Start of Data shown

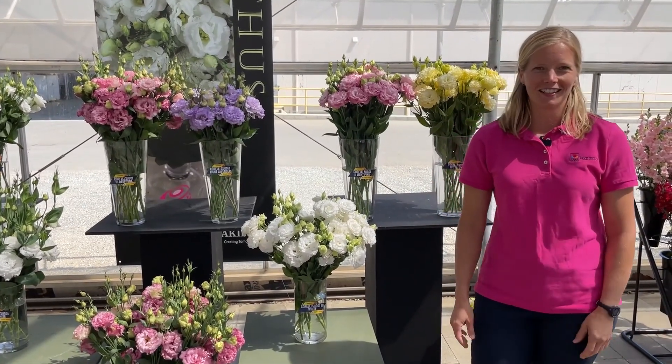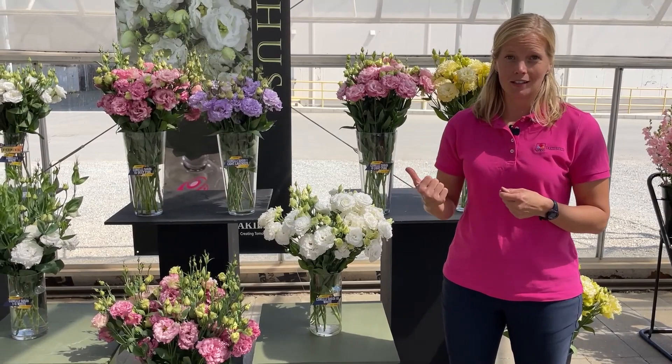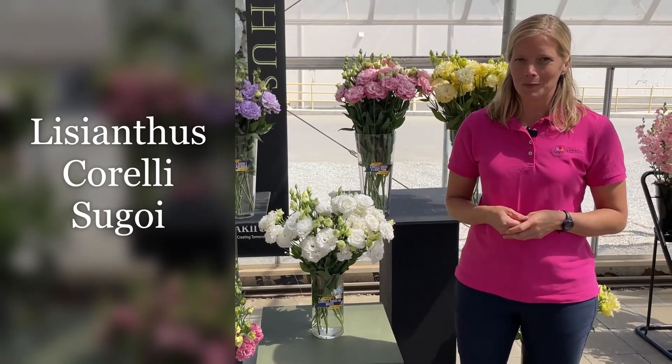Hi, it's Jessica with American Taki. You know that we are known for our Lisianthus, and I'm so excited to bring you a new type of Corelli — Corelli Sugoi — which means awesome in Japanese.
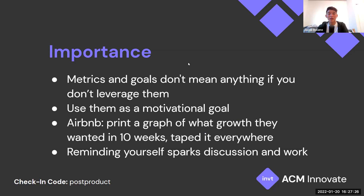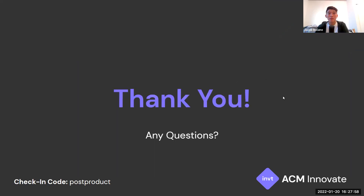Metrics and goals don't mean anything if you don't leverage them. They help keep you focused as you work on product growth and growth channels. A great example is Airbnb — they printed their 10-week growth graph and taped it everywhere in the office, on desks and walls, as a constant reminder. If they weren't hitting those numbers, it sparked discussion and action. That's everything for today's workshop — thanks for attending, and feel free to ask any questions.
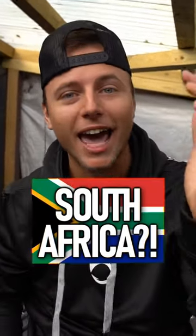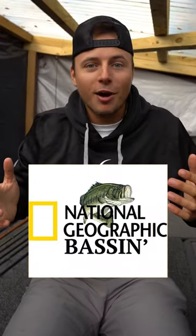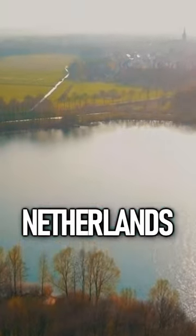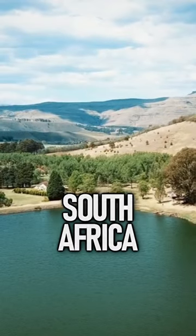How did largemouth bass end up in South Africa? You heard me right, bro — South Africa. This is some National Geographic bassin'. In the early 1900s, less than 50 largemouth bass were moved from the Netherlands to South Africa. Since then, they have spread into nearly every reservoir in the country.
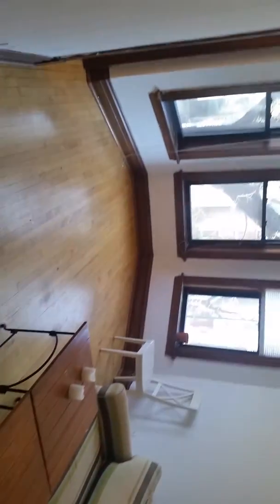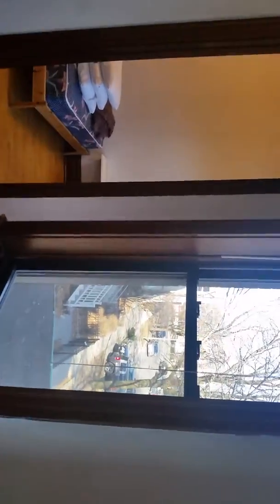Living area. It's definitely a good-sized space. Windows looking out onto Wayne. There is Diversey straight up the road there.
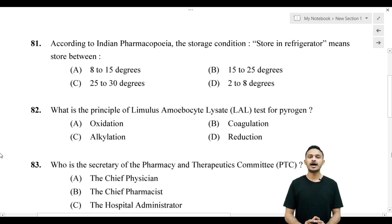Please do subscribe to the channel and hit the bell icon. Okay, let's go to class. Now let's go to the last question, question number 81.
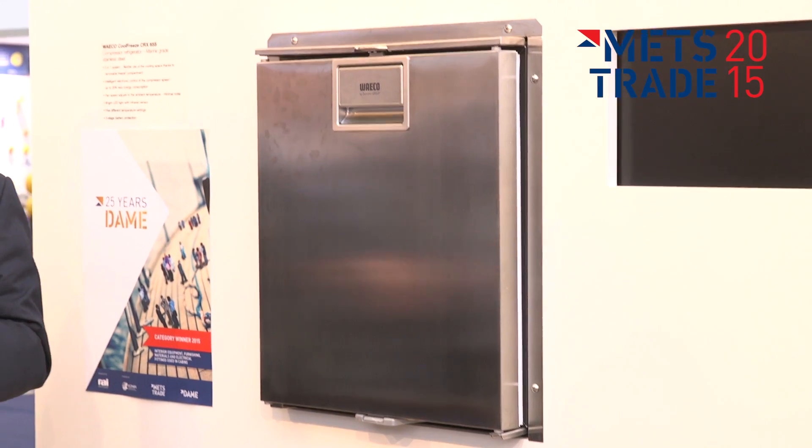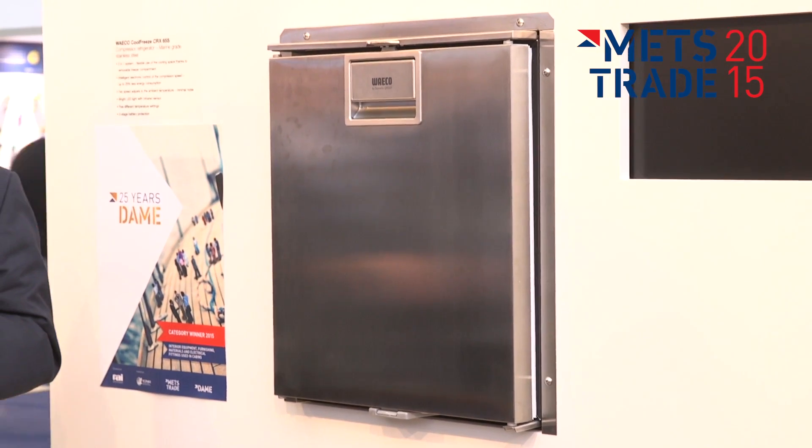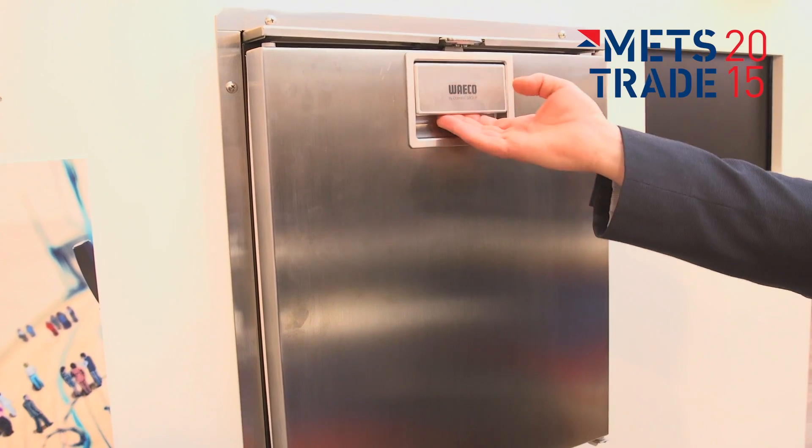The CRX range has got a lot of new features. This is the new version of the former CR. The CRX has got a variable speed compressor as well as a fan, so basically what it will do is adjust the fan speed to the cooling capacity and the cooling needs.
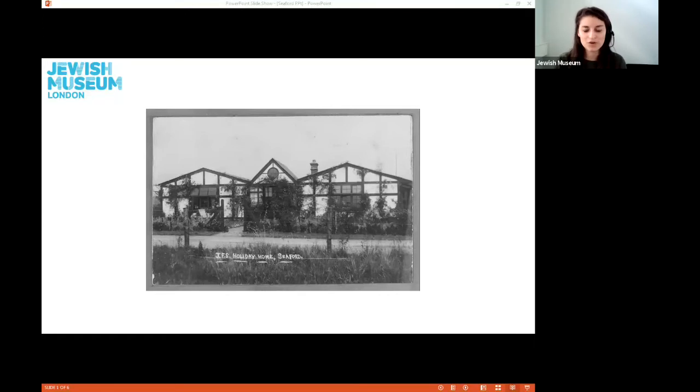This image is a black and white photograph showing the exterior of the Jews' Free School holiday home in Seaford, a seaside town on the East Sussex downs. This photograph is from the Jews' Free School holiday home photograph album from the 1930s.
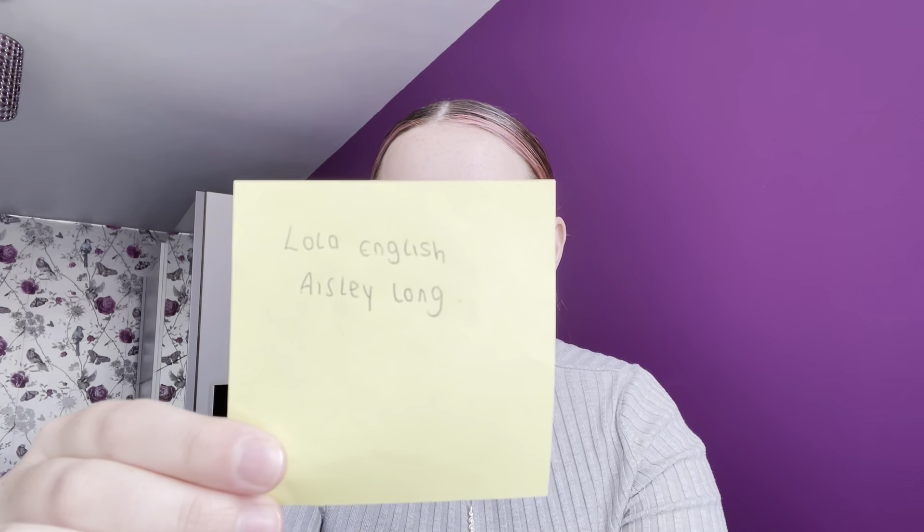I've written my winners down on a piece of paper. My first giveaway winner is Lola English — please leave your Instagram tag, or if you don't have Instagram, leave your Facebook or something down below. My second winner is Aisley Long. If that's your name, comment down below with your tag so I can send you your goodies. I have an absolute massive box of goodies I can't wait to give away. If you don't get back to me within a week, I'll need to select a new winner, so get back to me as soon as possible. Thanks for watching guys — I will see you in my next video. Bye for now!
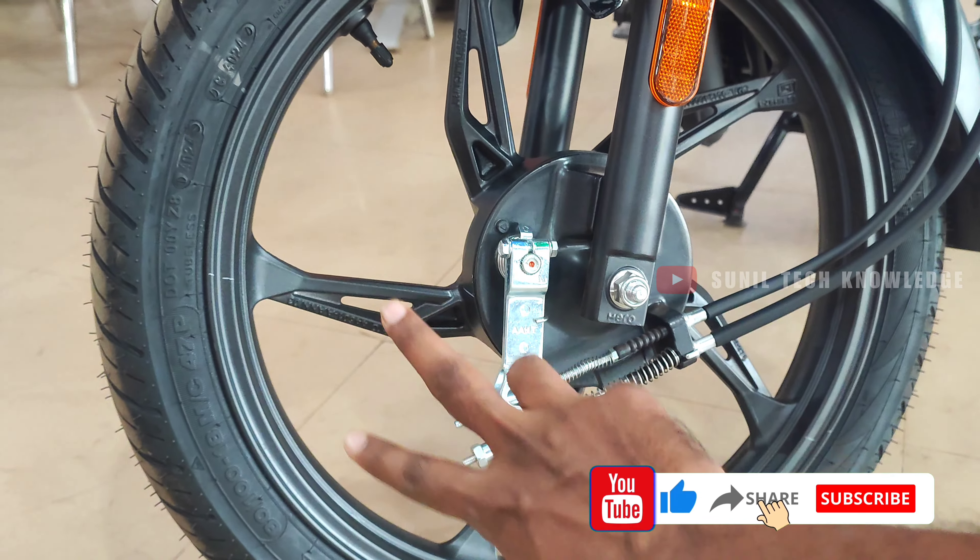For detailed engineering performance, check our dedicated ride review. The bike offers a 5-speed manual transmission with a heel-and-toe shift pattern. It also has a foldable rider footrest, a side-stand cut-off sensor, and comes with a center stand as well.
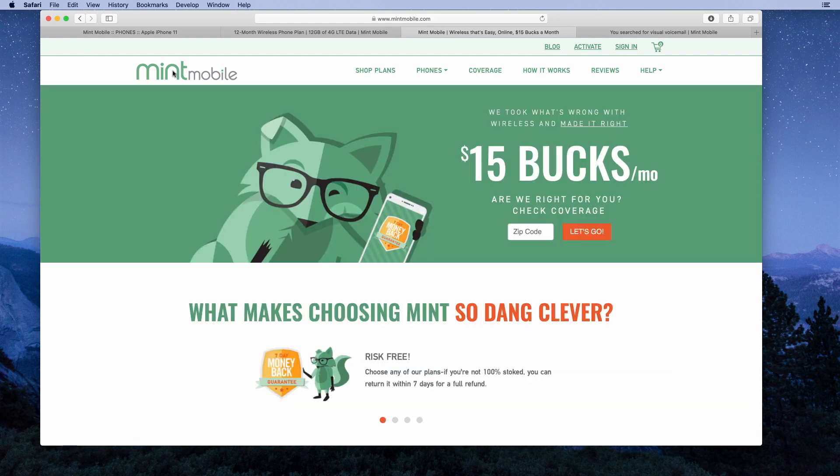I'm pretty impressed with MintMobile.com. The plan prices are very affordable. If you need a plan with 12 gigabytes of high-speed data or less per month, and live in an area where the T-Mobile network has adequate coverage, Mint Mobile could be a great choice. I really liked the FAQ section that clearly explains the details of what they provide. Is anybody out there using Mint Mobile? Would you consider it? Hit me up in the comments and let me know.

End of Data shown

*Task details*
First drop every picture, then print the data above exactly as it stands.

*Task answer*
Hi, it's Jessica with American Taki. You know that we are known for our Lisianthus, and I'm so excited to bring you a new type of Corelli — Corelli Sugoi — which means awesome in Japanese.
Metrics and goals don't mean anything if you don't leverage them. They help keep you focused as you work on product growth and growth channels. A great example is Airbnb — they printed their 10-week growth graph and taped it everywhere in the office, on desks and walls, as a constant reminder. If they weren't hitting those numbers, it sparked discussion and action. That's everything for today's workshop — thanks for attending, and feel free to ask any questions.
How did largemouth bass end up in South Africa? You heard me right, bro — South Africa. This is some National Geographic bassin'. In the early 1900s, less than 50 largemouth bass were moved from the Netherlands to South Africa. Since then, they have spread into nearly every reservoir in the country.
Living area. It's definitely a good-sized space. Windows looking out onto Wayne. There is Diversey straight up the road there.
Please do subscribe to the channel and hit the bell icon. Okay, let's go to class. Now let's go to the last question, question number 81.
The CRX range has got a lot of new features. This is the new version of the former CR. The CRX has got a variable speed compressor as well as a fan, so basically what it will do is adjust the fan speed to the cooling capacity and the cooling needs.
This image is a black and white photograph showing the exterior of the Jews' Free School holiday home in Seaford, a seaside town on the East Sussex downs. This photograph is from the Jews' Free School holiday home photograph album from the 1930s.
I've written my winners down on a piece of paper. My first giveaway winner is Lola English — please leave your Instagram tag, or if you don't have Instagram, leave your Facebook or something down below. My second winner is Aisley Long. If that's your name, comment down below with your tag so I can send you your goodies. I have an absolute massive box of goodies I can't wait to give away. If you don't get back to me within a week, I'll need to select a new winner, so get back to me as soon as possible. Thanks for watching guys — I will see you in my next video. Bye for now!
For detailed engineering performance, check our dedicated ride review. The bike offers a 5-speed manual transmission with a heel-and-toe shift pattern. It also has a foldable rider footrest, a side-stand cut-off sensor, and comes with a center stand as well.
I'm pretty impressed with MintMobile.com. The plan prices are very affordable. If you need a plan with 12 gigabytes of high-speed data or less per month, and live in an area where the T-Mobile network has adequate coverage, Mint Mobile could be a great choice. I really liked the FAQ section that clearly explains the details of what they provide. Is anybody out there using Mint Mobile? Would you consider it? Hit me up in the comments and let me know.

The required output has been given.